A group of systematic investors betting on large Chinese companies has emerged largely unscathed from this year’s “quant quake” that’s sparked turmoil in the stock market and a crackdown by regulators.

Rules-based funds investing in large stocks have weathered the equity storm as blue-chip companies outperformed on haven demand and buying by state funds. In one lens into the opaque world of quantitative trading, a Bloomberg-compiled portfolio that makes long and short bets on Chinese large caps has gained about 11% this year through Thursday, after posting the best month since 2014 in January.

It’s a different story for quant traders riding small-cap firms, who found themselves at the center of the market selloff. Even after bouncing back from the early February lows, the CSI 2000 Index of small stocks is still down 15% this year, while the large-cap equivalent is up 3%.

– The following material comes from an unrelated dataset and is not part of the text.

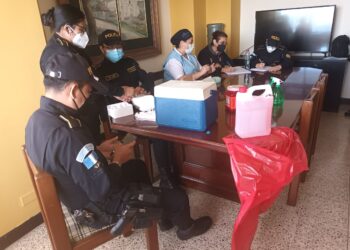 Salud policial continúa con hisopados y aplicando vacuna contra la Influenza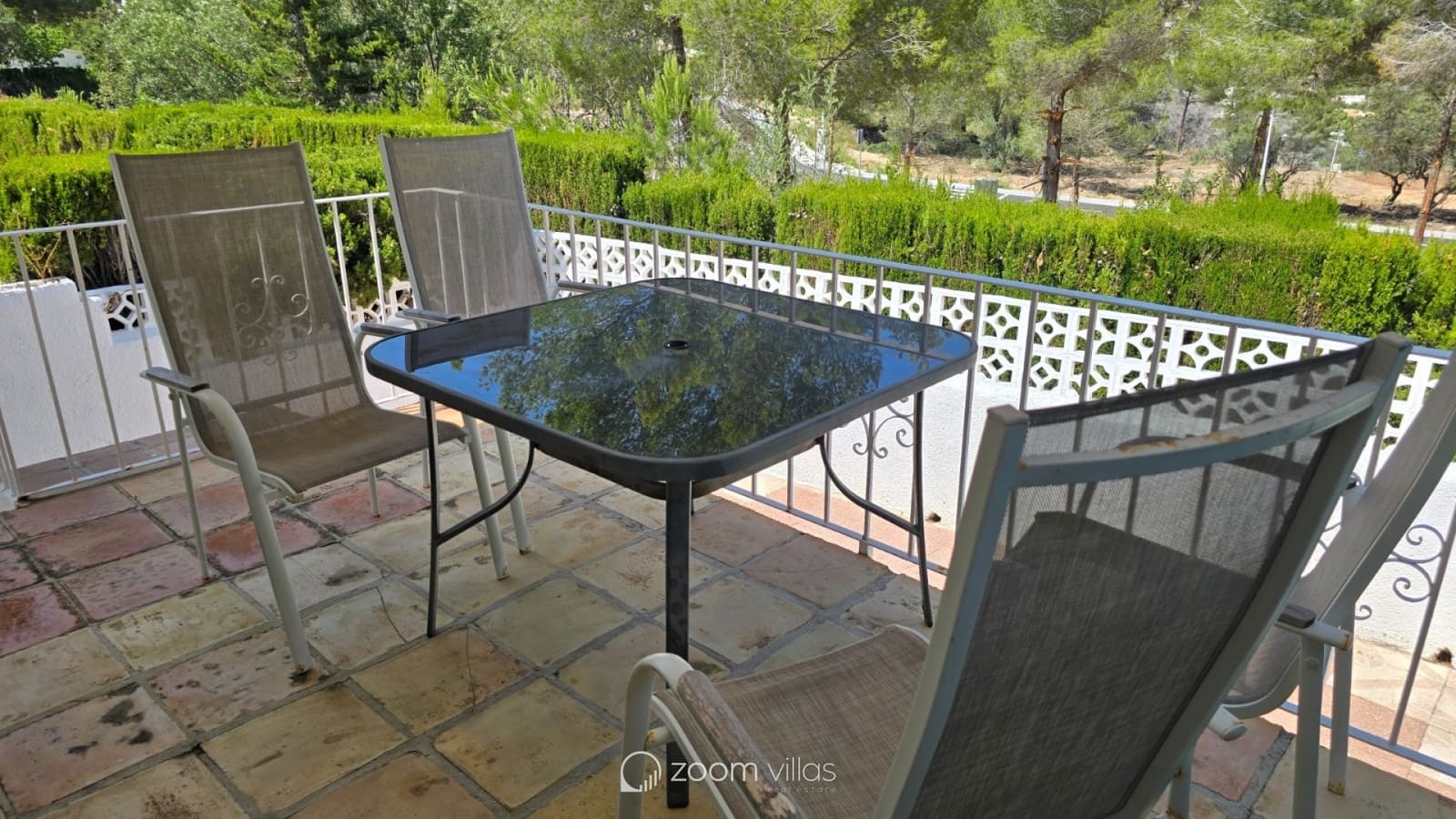 2 soverom Villa til salgs i Moraira med svømmebasseng garasje - € 329 000 (Ref: 10029706)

“The mega-cap has done really, really well versus the small-cap — that’s probably the biggest performance differential,” said Jason Hsu, founder of Hong Kong-based Rayliant Global Advisors Ltd., which oversees about $20 billion, including $3 billion in Chinese onshore shares.

Large Cap Contrast

The divergent returns underscore how small-cap strategies bore the brunt of the pain during the massive plunge in Chinese equities over the first five weeks of the year. Funds making small-cap bets, which had been in vogue after their 2023 outperformance, were caught off guard when the market suddenly shifted, prompting quant products with heavy exposure to trim holdings further.